--- TASK BRIEF ---
Look through the records below for the line with "2017 man tgl". Return that line and each one after it up to and including the line with "Feetures Elite Light", exactly.

--- EXERCISE MATERIAL ---
--
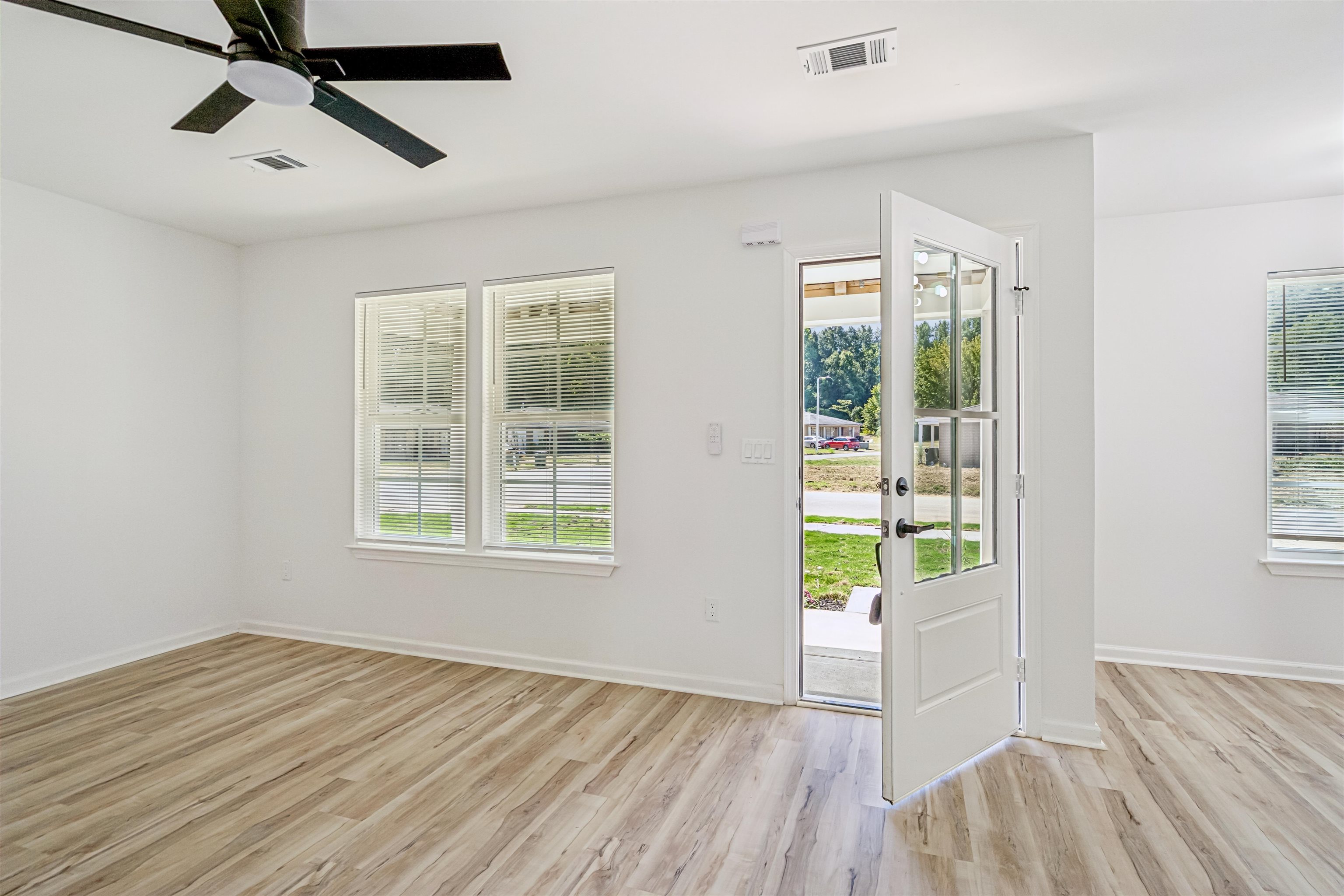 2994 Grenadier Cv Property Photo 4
--
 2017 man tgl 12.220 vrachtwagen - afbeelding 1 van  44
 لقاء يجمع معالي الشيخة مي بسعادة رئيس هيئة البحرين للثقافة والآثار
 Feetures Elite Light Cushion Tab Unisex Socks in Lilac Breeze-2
--
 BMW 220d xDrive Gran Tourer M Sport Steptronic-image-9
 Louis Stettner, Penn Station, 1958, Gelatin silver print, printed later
--
--- TASK ANSWER ---
 2017 man tgl 12.220 vrachtwagen - afbeelding 1 van  44
 لقاء يجمع معالي الشيخة مي بسعادة رئيس هيئة البحرين للثقافة والآثار
 Feetures Elite Light Cushion Tab Unisex Socks in Lilac Breeze-2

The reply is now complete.